The Crowd Within and the Benefits of Dialectical Bootstrapping

Abstract

Can the “wisdom of crowds” (Surowiecki, 2004) be exploited within a single mind? Yes, one can increase accuracy by averaging multiple estimates from the same person (Herzog & Hertwig, 2009; Hourihan & Benjamin, 2010; Müller-Trede, 2011; Rauhut & Lorenz, 2011; Stroop, 1932; Vul & Pashler, 2008; White & Antonakis, 2013; Winkler & Clemen, 2004). We proposed boosting this crowd-within effect with what we called dialectical bootstrapping (Herzog & Hertwig, 2009; hereafter, H&H): averaging a person’s first estimate with his or her second, “dialectical” estimate, derived from knowledge and assumptions different from those motivating the first estimate. A dialectical estimate ideally has an error with a different sign relative to the first estimate—which fosters the chance of error cancellation. There are different ways to elicit a dialectical estimate. We tested one, the consider-the-opposite strategy (Lord, Lepper, & Preston, 1984), and found that averaging first and dialectical estimates improved accuracy more than simply asking people to make an estimate anew and averaging the two estimates (i.e., reliability condition).

White and Antonakis (2013; hereafter, W&A) reanalyzed our data using a different accuracy measure, concluding that “dialectical instructions are not needed to achieve the wisdom of many in one mind” (p. 116). Here, we delineate where we agree and disagree with W&A.

We concur with W&A that the crowd within works. W&A observed (as have we and other researchers) that averaging two estimates from the same person improves accuracy. Moreover, they obtained this result across different measures of accuracy. We also agree with W&A that “dialectical instructions are not needed to achieve the wisdom of many in one mind” (p. 116); in our previous article, we pointed out (H&H, p. 236) that passage of time appears to be enough to boost the gains obtained by averaging (Vul & Pashler, 2008). Additionally, we highlighted that “accuracy in [our] reliability condition increased as a result of aggregation” (p. 234). Our disagreement with W&A concerns the following question: Can dialectical bootstrapping boost the crowd-within effect beyond the gains observed in the reliability condition (i.e., gains expected to occur when averaging any noisy estimates)?

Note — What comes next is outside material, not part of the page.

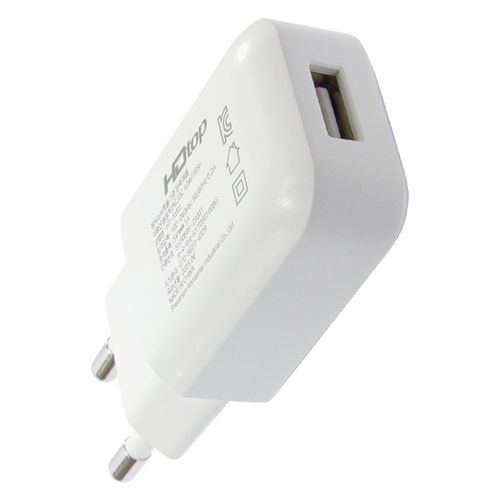 에이치디탑 USB 1포트 HT-5V01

Dialectical Bootstrapping: Does It Have Surplus Value?

We defined the gain obtained by averaging the responses of a given participant as the “median decrease in error of the average of the two estimates relative to the first estimate” (H&H, p. 234). W&A criticized this accuracy change measure. First, they reported that participants’ first and second estimates in our reliability condition¹ were, on average, identical in 20% of cases, but that first and second estimates were identical in merely 1% of cases in our dialectical condition. Furthermore, W&A reported that our accuracy change measure was confounded with the proportion of identical first and second estimates. Second, W&A noted that they “prefer to measure accuracy change independently of the proportion of identical first and second responses” (p. 115). Third, they noted that our measure has “awkward statistical properties” (p. 115). Finally, when they used a measure that decoupled accuracy change and the proportion of identical responses, accuracy gains did not differ between our dialectical and reliability conditions. From this, W&A concluded that there is no evidence that “encouraging people to alter their responses more often than they would if not given special instructions yields more accurate average responses” (p. 116).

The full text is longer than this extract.